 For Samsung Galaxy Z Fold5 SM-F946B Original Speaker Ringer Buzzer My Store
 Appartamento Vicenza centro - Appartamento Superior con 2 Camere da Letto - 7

• • • • •

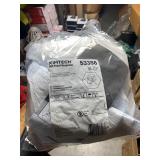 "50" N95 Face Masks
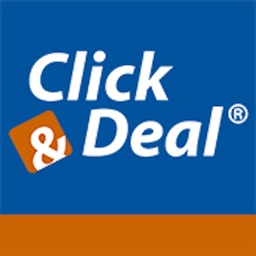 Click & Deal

• • • • •

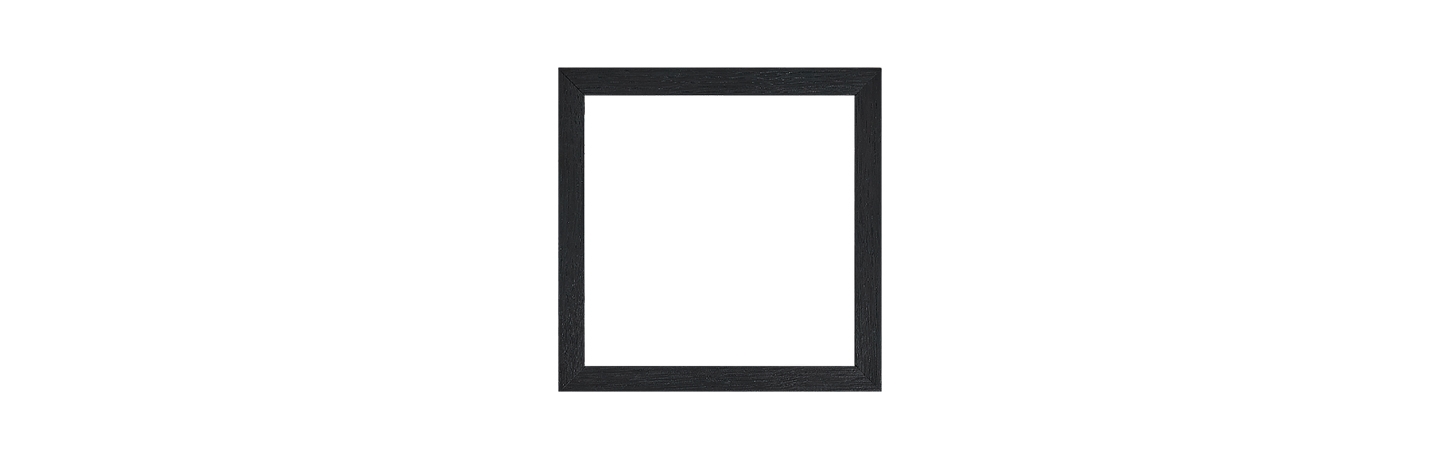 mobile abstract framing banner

• • • • •

▶ **WHAT TO WORK ON**: Please reproduce exactly the lines in the listing above from the one containing "For Samsung Galaxy" through the one containing "Appartamento Vicenza centro", both included, and nothing more.

▶ **EXERCISE OUTPUT**:
 For Samsung Galaxy Z Fold5 SM-F946B Original Speaker Ringer Buzzer My Store
 Appartamento Vicenza centro - Appartamento Superior con 2 Camere da Letto - 7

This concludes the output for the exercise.